I pressed the eject button within 10 minutes of watching Meryl Streep....
in the nauseating middle-aged rom-com It's Complicated (no it's not - it's facile and cynical) pretending to be kittenish. I fast-forwarded to see if she was going to murder Alec Baldwin's trophy second wife, or him for being so gross, which would have made sense, but redemption was not in the plot. No more condescending sight in art and nature than a powerful woman acting mumsy. It is nothing to do with mothering abilities. Tigresses are great single mothers and they never look mumsy. They look strong and sexy. And they just get on with it - using the instinctive parenting skill that human beings have lost. Some male tigers, not known for daddy day care, have been observed letting the cubs and females eat first.

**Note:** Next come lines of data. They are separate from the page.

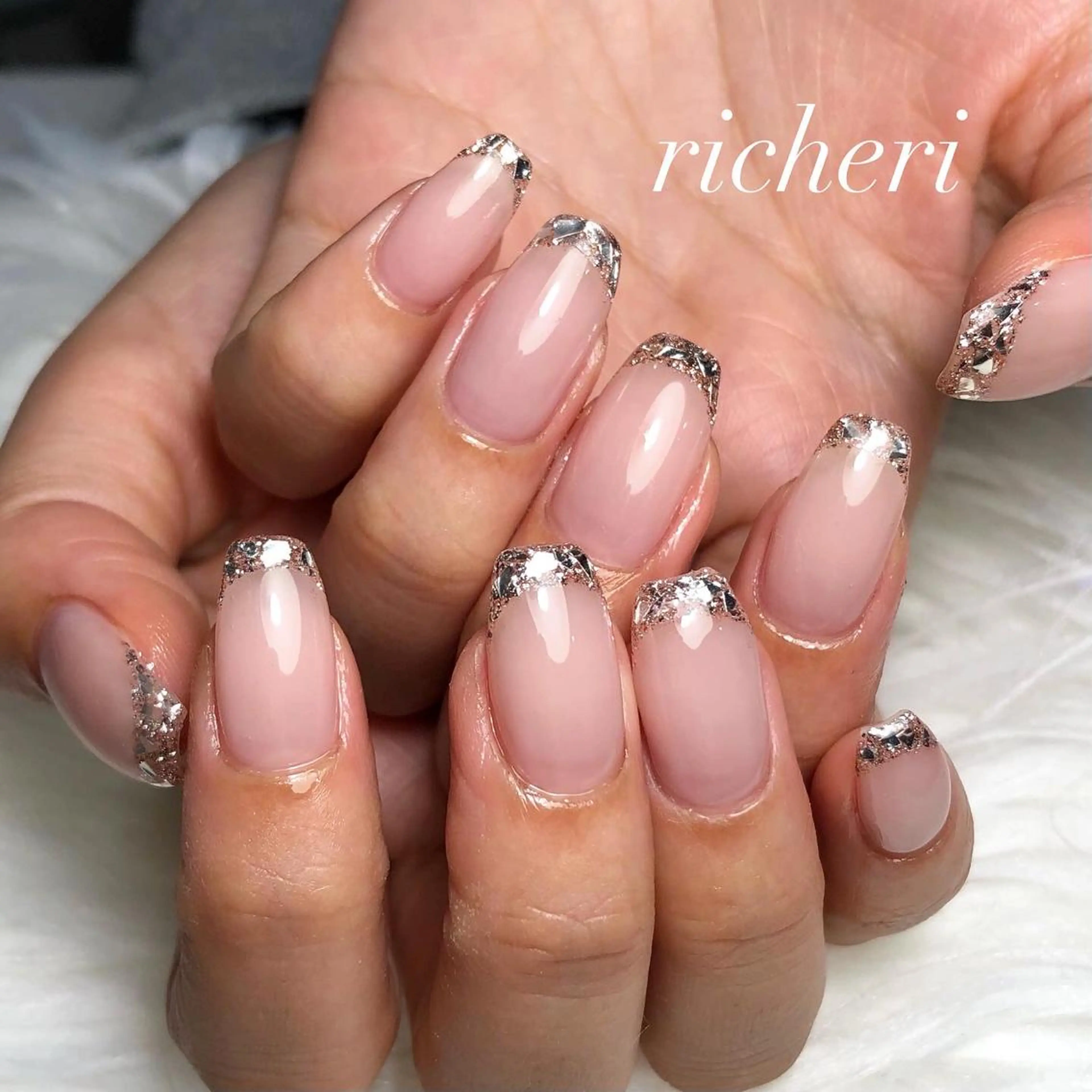 ミディアム ネイル 韓国風ヘア アートネイル フレンチネイル ジェルネイル ガラスフレンチ richeri beautyのエステ・リラクイメージ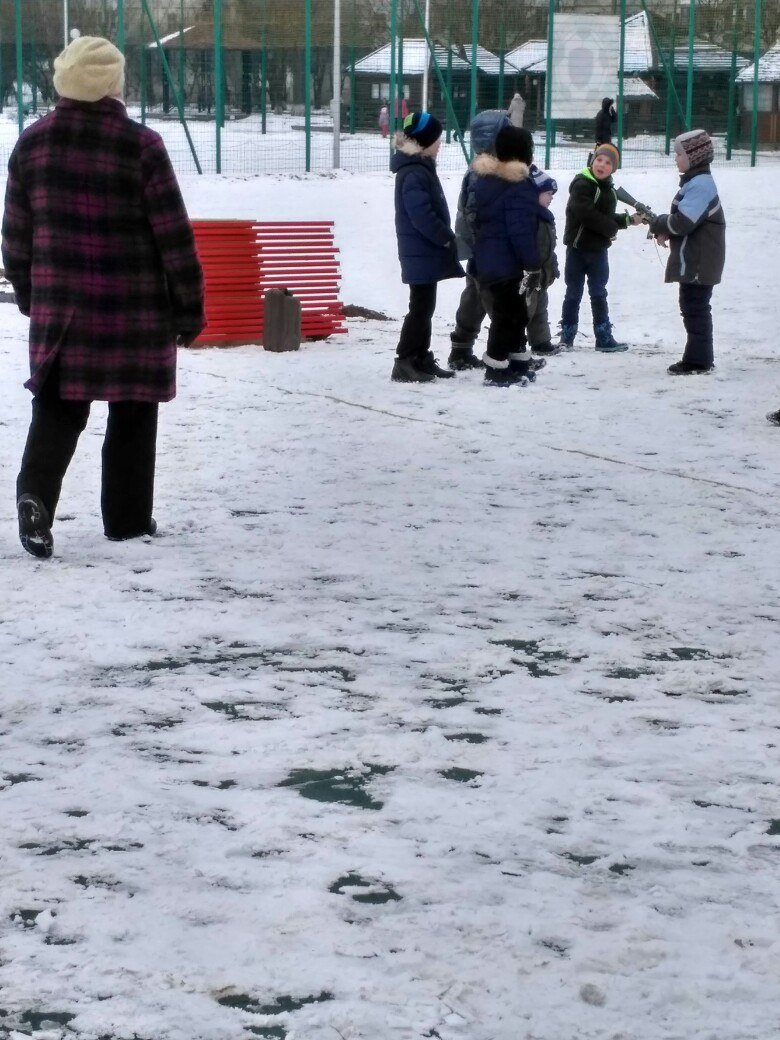 zabor vokruh det·skoy ploshchadky v vyshnevom zabor vokruh det·skoy ploshchadky v vyshnevom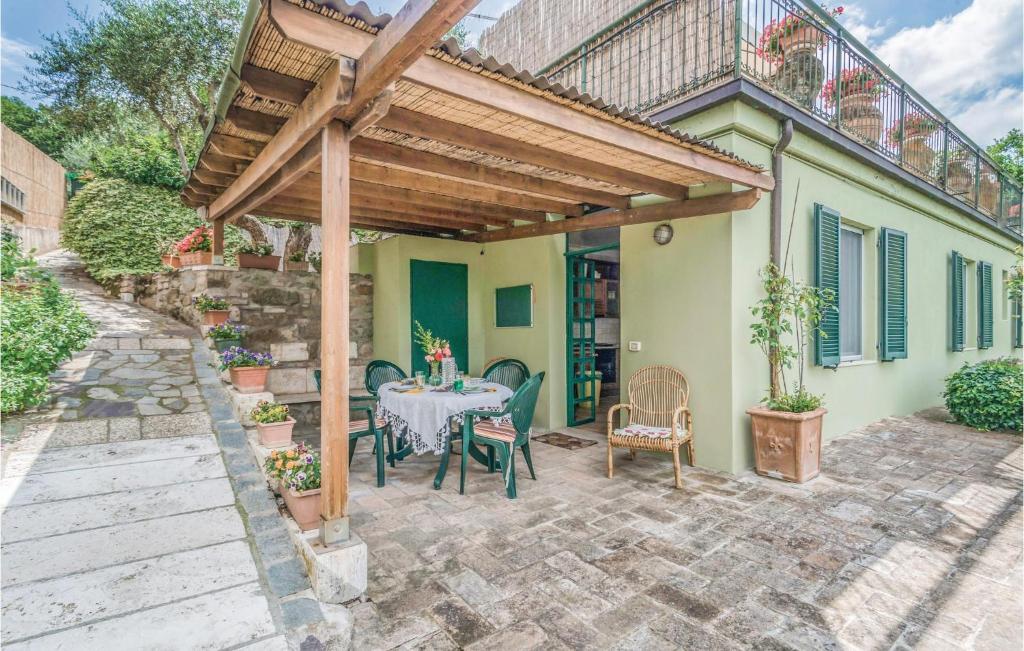 eine Terrasse mit einem Tisch und einer hölzernen Pergola in der Unterkunft Case Sparse San Savino in San Savino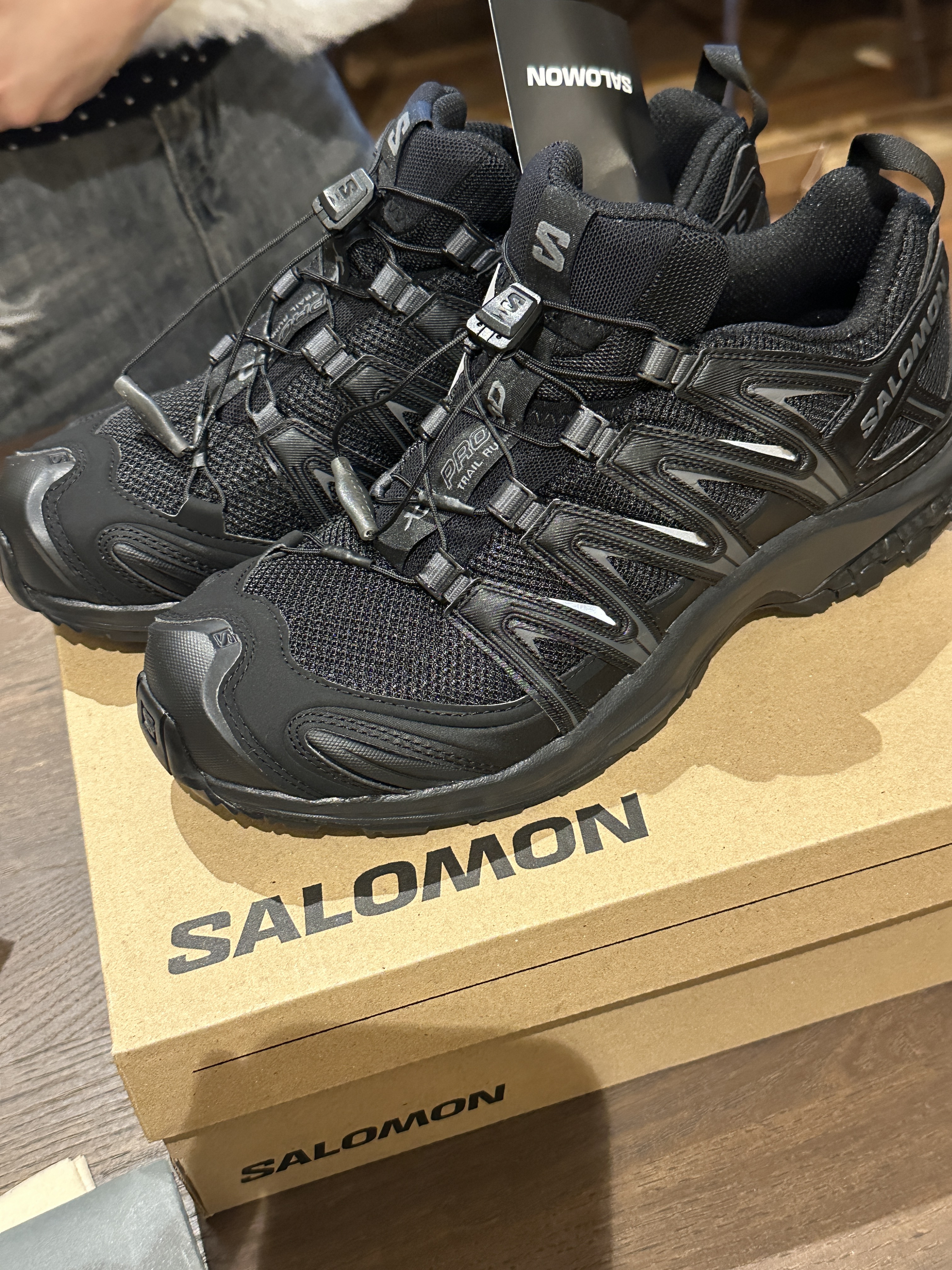Salomon XA Pro 3D Black Magnet, Casio MTP-1183A-2A 착용 스타일 - 8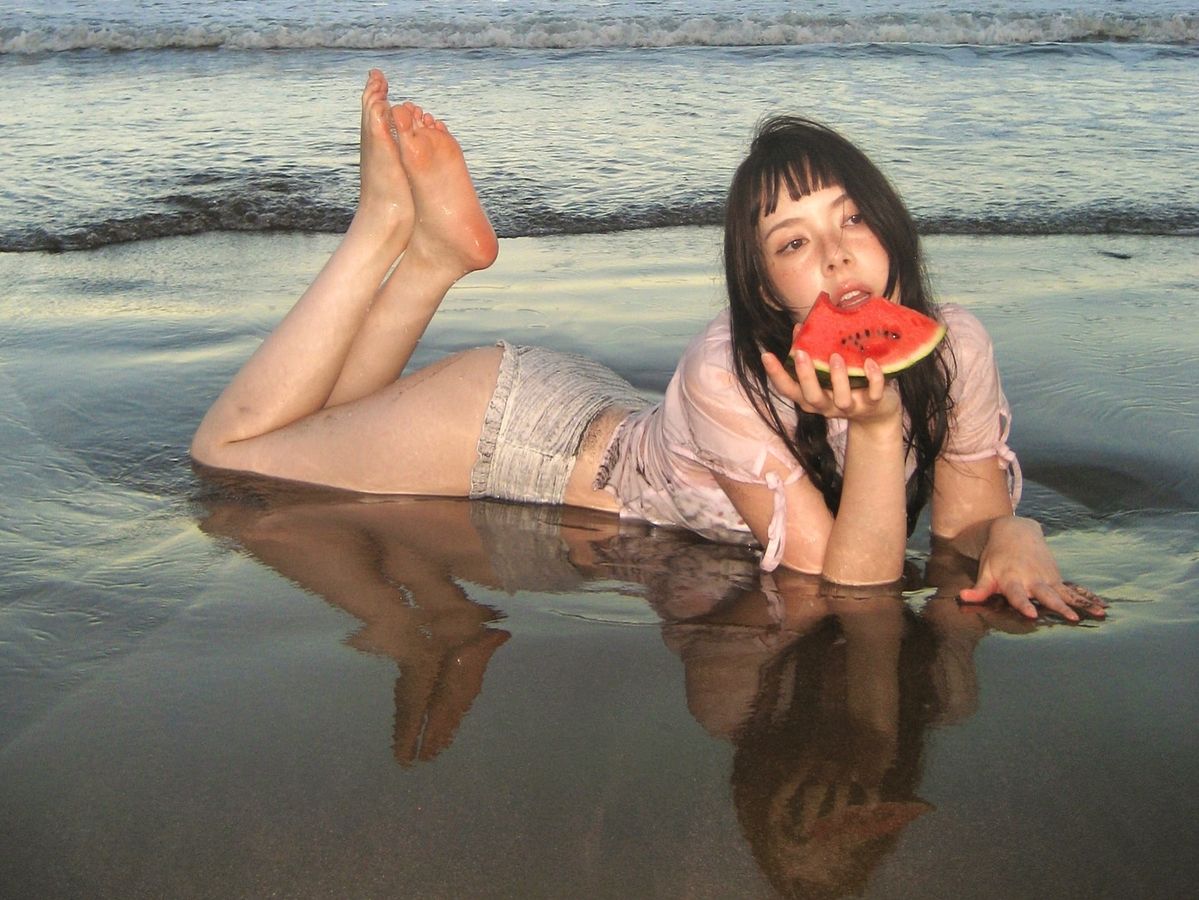 Девочка с арбузом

I'd rather watch Julia Roberts in an equally duff movie (Mirror, Mirror) pretending, stylishly and wittily, to be a bad mother, or Sigourney Weaver heroically sacrificing in Alien. I'd have happily accepted Helen Mirren in the It's Complicated part - because she has sex appeal, and sex, exploited by the culturally oppressive American family ethos, is really what films like that are about. Arguments about the "ordinary woman" and how she is represented in popular entertainment are specious. Meryl Streep's character in It's Complicated was representative of divorced women over fifty who are lined and flaccid here and there, and also happen to be wealthy and extraordinarily good in the sack. "He'll come back to me because the sex is the best he'll ever get" may prove true but it is a demeaning aspiration.

There's always going to be a neglected or injured demographic. All the audience has the right to demand is suspension of disbelief, not personal wish fulfillment. Michelle Pfeiffer's beauty in Frankie and Johnny was, for many critics, objectionably untrue to the playwright's original intention to tell the story of average people, but an equally true story was created out of it, about how an ordinary woman can be poor and unhappy and beautiful.

French movies, boasting actresses like Deneuve, Baye, Binoche and Marceau, bring off the vagaries and agelessness of sexuality; Anglo-American culture is still uncomfortable with the notion of a moral, sexy older woman, with or without children, and with the idea that beauty, like virtue, is classless, a gift of nature, not to be bought.

Shrek, with its happily matched ogres, who reject the commercialized norm of beauty and end up with mutual reflections, does not untangle the knot of sexual attraction as profoundly as Cocteau's La Belle et La Bête, in which, probably not by directorial design, the beast is so much sexier than the man.